Anyone in possession of full academic regalia knows full well what spluttering rage can be inspired by the hood. It never stays attached to the appropriate button. When accidentally sat on, it avenges the slight by strangling the wearer. It slips jauntily off one shoulder. It turns inside out. It's completely useless as an actual hood. In sum, there is no more infuriating item of academic garb.1
However, as anyone who instructs graduate students can tell you, the hood becomes even more infernal when you have to put it over someone's head. (Especially when that head has a mortarboard on it.) The problem only worsens when the hooder in question is a faculty member who is, perhaps, somewhat less than tall. Or even somewhat less than medium height. Quite short, in fact.

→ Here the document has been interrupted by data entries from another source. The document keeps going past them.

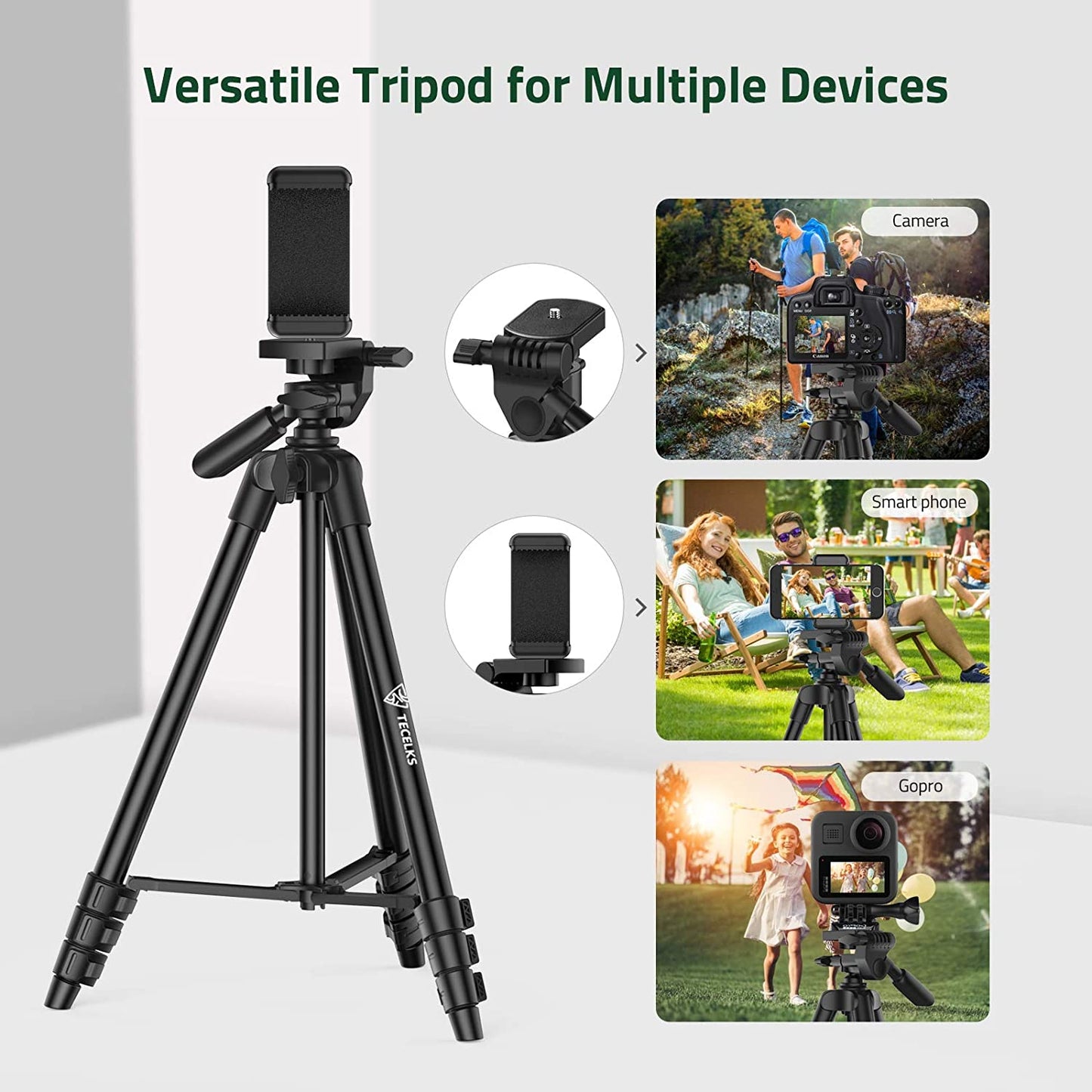 WONEW ZJ26 Height Adjustable Folding Tripod Stand with Phone Holder Bluetooth Remote Control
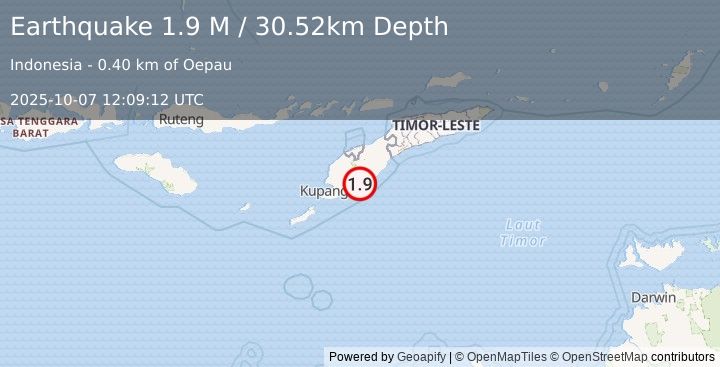 Earthquake Timor Region (1.9 M) (2025-10-07 12:09:12 UTC)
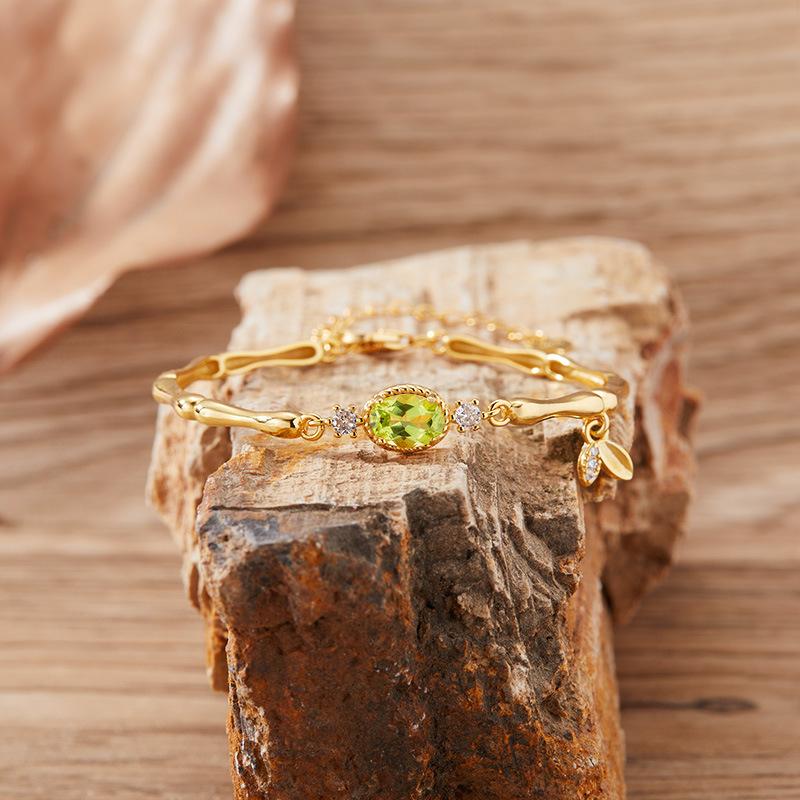 Natural Gemstone Tanzanian Garnet Olivine Topaz Bracelet Women'S S925 Sterling Silver Colored Treasure Bracelet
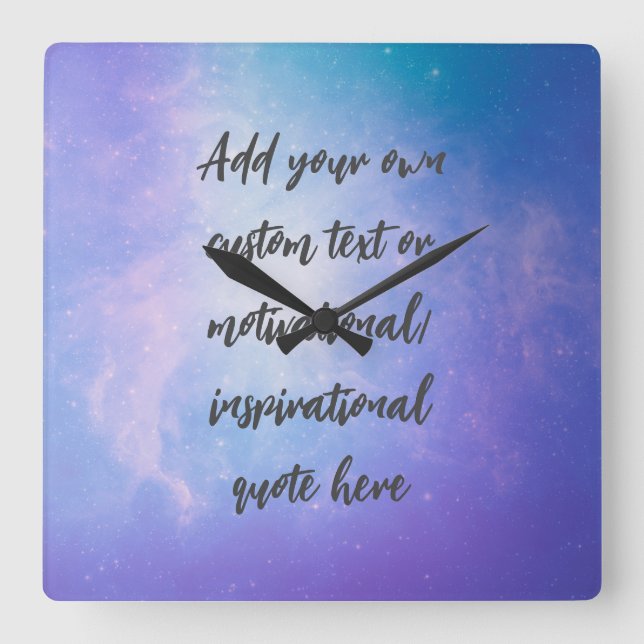 Create Your Own Pastel Motivational Quote Square Wall Clock (Front)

I propose that there is a market for handling the problems associated with diminutive hooders.
1. Lightweight telescoping stepladders. These ladders, which expand at the touch of a button, are small enough to be concealed beneath an academic robe, yet sturdy enough to withstand several minutes of hooding.
2. Portable kneelers. Made out of mahogany and leather (embossed university insignia optional), the kneelers can be kept near the podium and wheeled out when necessary. Instead of awkwardly bending or crouching, students can maintain their dignity while lowering themselves to the appropriate height.
3. Robotic arms. Instead of using their own hands, hooders can manipulate a mechanical "claw"--like the ones you see in the stuffed animal machines at the arcades--to lower a hood over the graduate's head.
4. Platform lifts. Hooders can elevate themselves--or lower the students--by working a convenient lever.
5. Velcro hoods. Instead of going over the graduate's head, the hood can be draped around the shoulders, then attached at the front using a velcro closure.
6. Hooding heels. These gender-neutral shoes, which go well with any doctoral robe, add approximately six inches to any hooder's height.
7. Hood parachutes. At the press of a button, a parachute-equipped hood drops from the ceiling and gracefully floats over the student's head.
8. Pneumatic hoods. The hooder stuffs a hood into a high-pressure tube, aims the tube at the ceiling, and then blows out the hood (which, again, gracefully floats over the student's head).
1 The mortarboard runs a close second. Luckily, the University of Chicago uses berets instead.